On February 8, 2008, the Company entered into a lease agreement for approximately 15,000 square feet of newly constructed office facilities in Broomfield, Colorado. The office location served as the Company’s primary business office.   In June 2011, the Company and its landlord amended the lease mutually agreeing for the Company to relocate to another suite, comprising approximately 4,500 square feet, within the same building.  The original five year term of the Lease remained unchanged. The Company’s facility lease which would have originally expired in June 2013 was extended by a letter of extension through September 30 2013.

 

Rent expense under this lease for the nine months ended September 30, 2013 and 2012 was $44,000 and $36,000, respectively, and was $559,000 from Inception through September 30, 2013.

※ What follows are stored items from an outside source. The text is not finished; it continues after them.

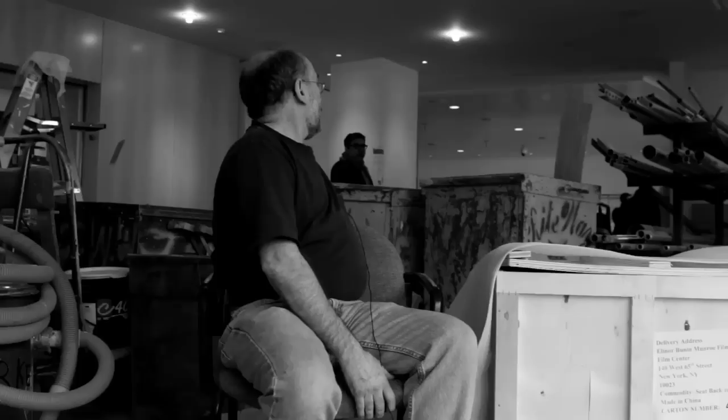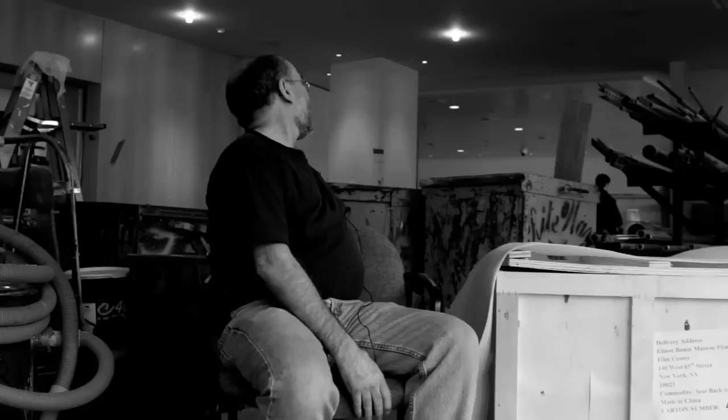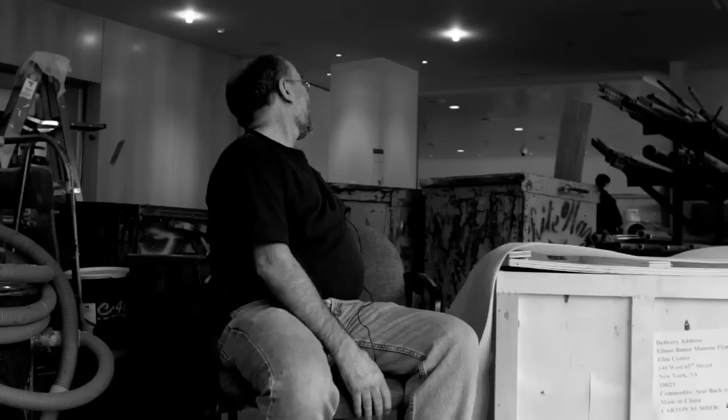Hi, I'm George, construction supervisor for York Construction. This project is the Eleanor Beauty Monroe Film Center for the Film Society of Lincoln Center.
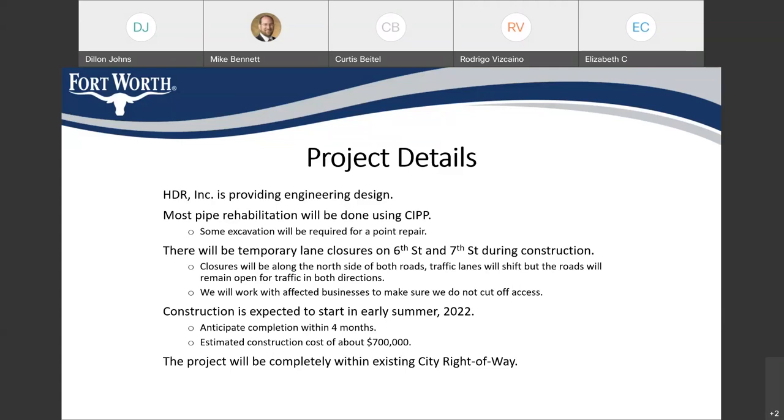Most of the manholes are in or near intersections along this route. If any of those manholes are in a location that would impact access for a driveway or parking garage for a business or apartment, we're going to work with those owners to make sure nobody loses access to their building or driveway during construction. We will provide accommodations and find ways to ensure that traffic can still come and go as needed.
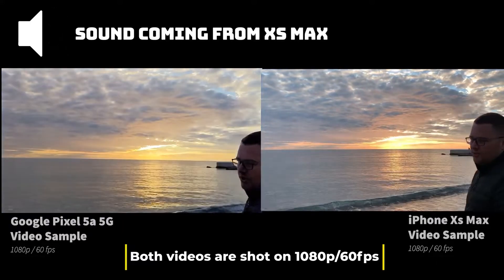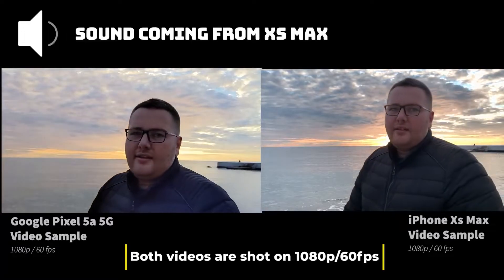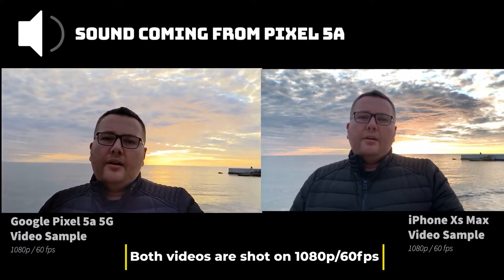Let me just show you the view. I already know for a fact that the video on the iPhone looks better.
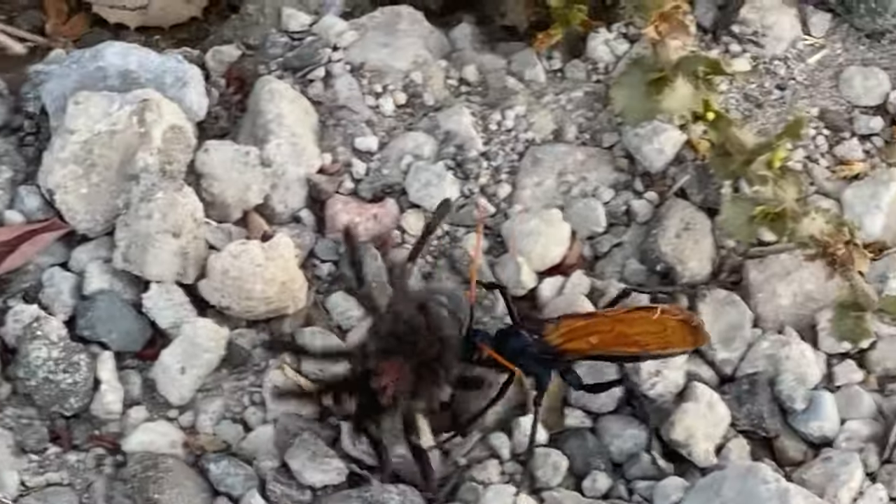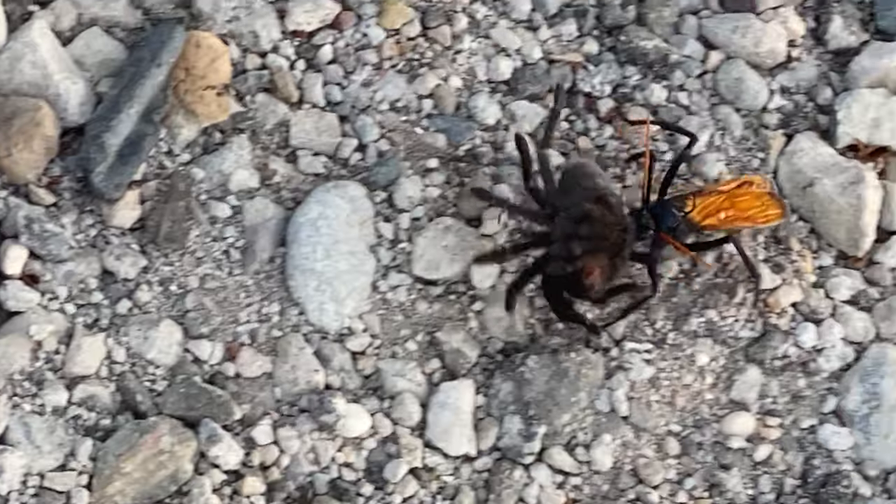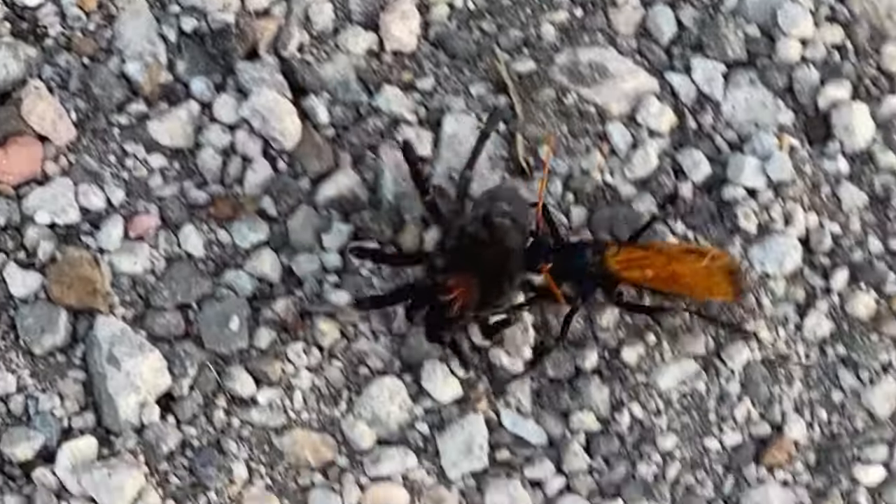Once it gets to the nest it finishes killing it, eats it, and then lays one egg inside the belly of the tarantula. When the egg hatches, the larva consumes the rest of the tarantula.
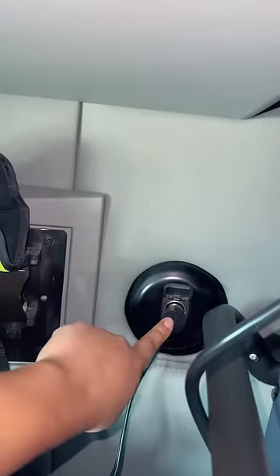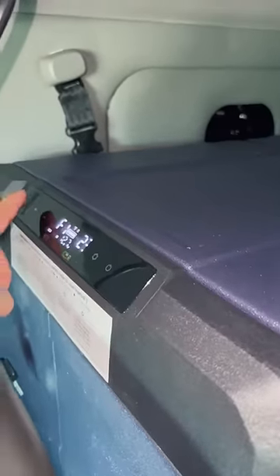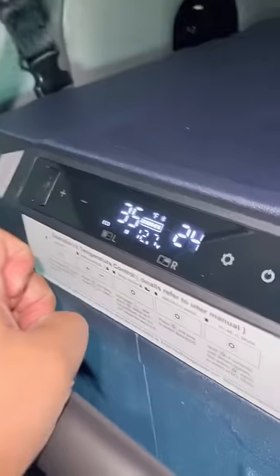It comes with a car outlet and a wall outlet, which is pretty cool. It's got touch screen controls here so you can control both sections.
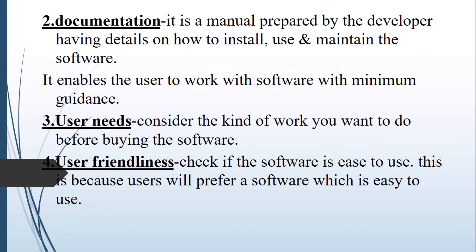Documentation is also another thing you should consider. Documentation is a manual prepared by the developer, having details on how to install, how to use, and how to maintain your software. User needs: once you want to purchase software, make sure you consider the needs of the user and the kind of work you want to do before buying the software.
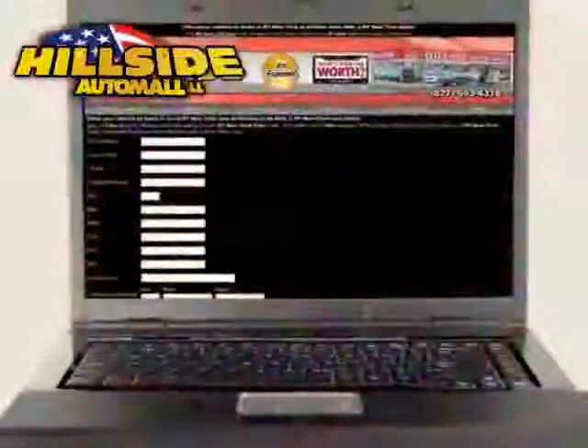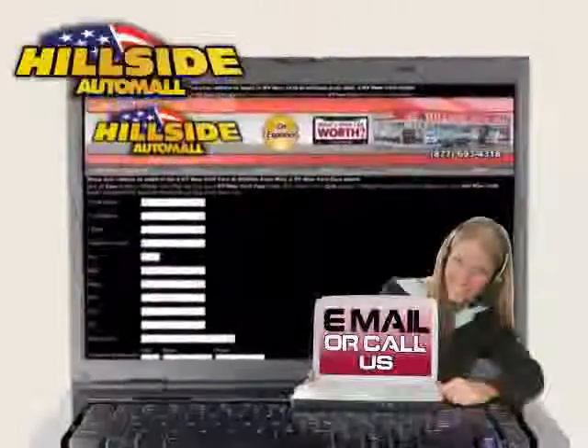We're sure that you will love this vehicle. Schedule a test drive or call us today to reserve this vehicle's special promotion.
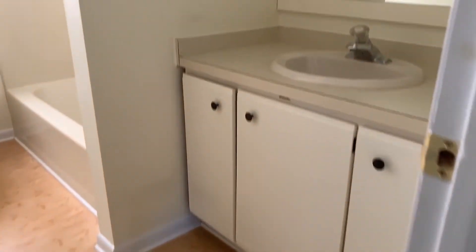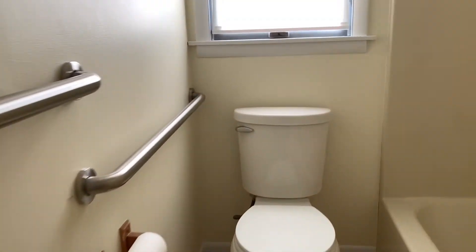As we walk down the hall, we will first come to the second full bathroom. Bedroom number two.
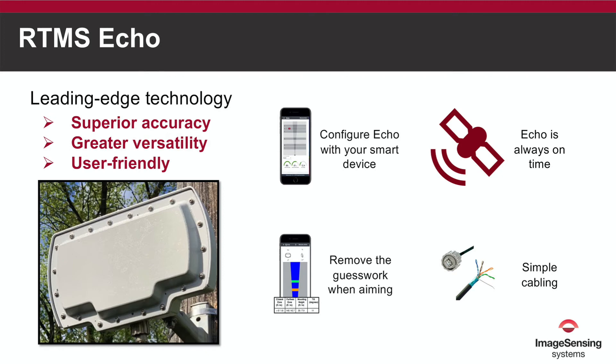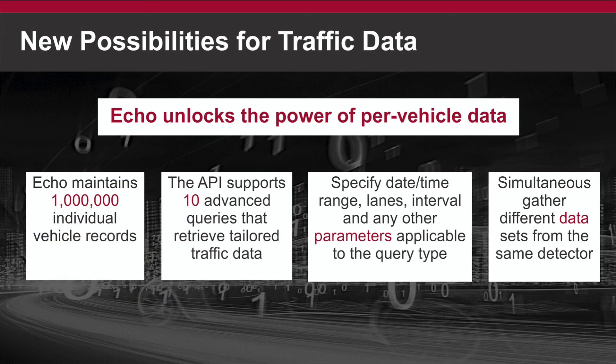Learn about the automatic smart setup configuration and the one-person installation. See just how much data can be stored at the per vehicle and interval level, and go in-depth regarding the type of data available.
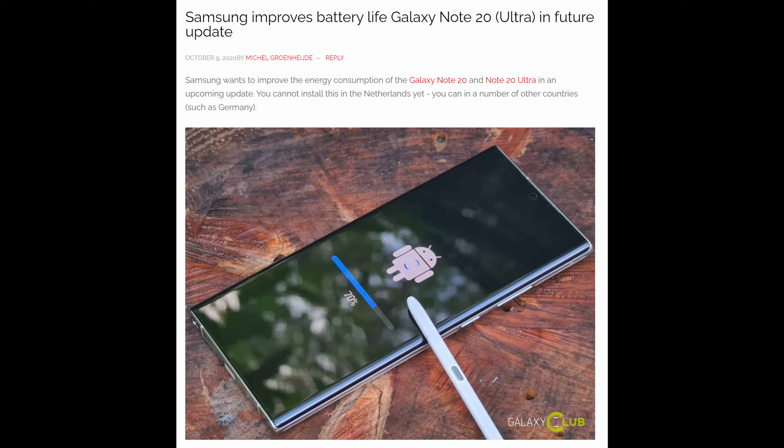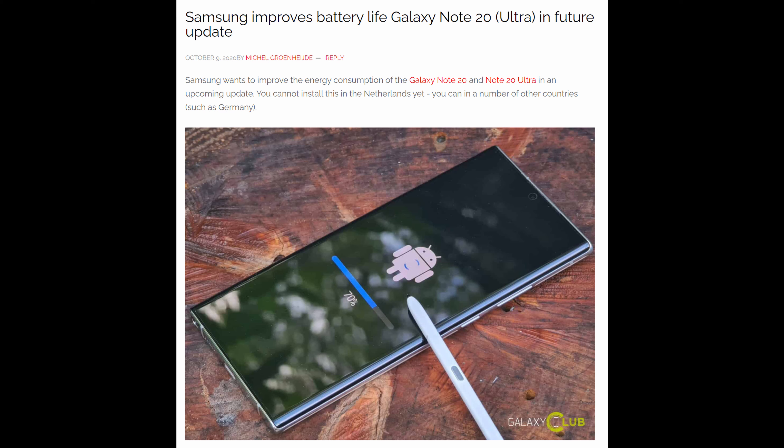Galaxy Note 20 and Note 20 Ultra — there's a new update rolling out. There is an October update rolling out that you might have already gotten, or it's going to hit your phone soon. There's an additional update rolling out as well that does some cool stuff. That update is about a 255 meg update, and it's going to include battery life improvements, so better battery life. It also improves the stability of the camera and dark mode feature.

Effective August, 1, 2013 the Company entered into a lease agreement for approximately 5,300 square feet of office facilities in Westminster, Colorado that has served as the Company’s primary business office since October 1, 2013. Below is a summary of the future minimum lease payments committed for the Company’s facility in Westminster, Colorado as of September 30, 2013:

2013

$

  19,000

 

2014

 

  78,000

 

2015

 

  81,000

 

2016

 

  62,000

 

Total future minimum lease  payments

$

  240,000

 

 

Cardiovascular Pharmacology and Engineering Consultants, LLC, or CPEC

Under the terms of its strategic license agreement with CPEC, a licensing subsidiary of Indevus Pharmaceuticals Inc. (a wholly owned subsidiary of Endo Pharmaceuticals), holding ownership rights to certain clinical trial data of Gencaro, the Company will incur milestone and royalty obligations upon the occurrence of certain events. In August 2008, the Company paid CPEC a milestone payment of $500,000 based on the July 31, 2008 submission of its NDA to the FDA. If the FDA grants marketing approval for Gencaro, the agreement provides that the Company will owe CPEC another milestone payment of $8.0 million within six months after FDA approval. The agreement also states that the Company has the obligation to make milestone payments of up to $5.0 million in the aggregate upon regulatory marketing approval in Europe and Japan. The agreement states that the Company’s royalty obligation ranges from 12.5% to 25% of revenue from the related product based on achievement of specified product sales levels, including a 5% royalty that CPEC is obligated to pay under its original license agreement for Gencaro. The Company has the right to buy down the royalties to a range of 12.5% to 17% by making a payment to CPEC within six months of regulatory approval.